Extended Einstein-Cartan theory a la Diakonov: the field equations

TL;DR

This paper derives and extends a gravitational model based on the Einstein-Cartan theory within the Poincaré gauge framework, eliminating geometric variables in favor of a primordial spinor and exploring resulting nonlinear spinor equations.

Contribution

It derives the field equations for Diakonov's model and extends it by eliminating the Lorentz connection while maintaining covariance, revealing a nonlinear spinor equation.

Findings

Derived the first field equations for Diakonov's model.

Extended the model by eliminating the Lorentz connection.

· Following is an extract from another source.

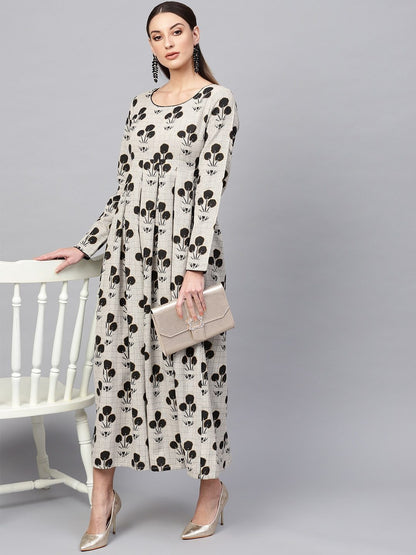 Women's  Off-White & Black Printed Maxi Dress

Recovered a nonlinear Heisenberg-type spinor equation.

Abstract

Diakonov formulated a model of a primordial Dirac spinor field interacting gravitationally within the geometric framework of the Poincar\'e gauge theory (PGT). Thus, the gravitational field variables are the orthonormal coframe (tetrad) and the Lorentz connection. A simple gravitational gauge Lagrangian is the Einstein-Cartan choice proportional to the curvature scalar plus a cosmological term. In Diakonov's model the coframe is eliminated by expressing it in terms of the primordial spinor. We derive the corresponding field equations for the first time. We extend the Diakonov model by additionally eliminating the Lorentz connection, but keeping local Lorentz covariance intact. Then, if we drop the Einstein-Cartan term in the Lagrangian, a nonlinear Heisenberg type spinor equation is recovered in the lowest approximation.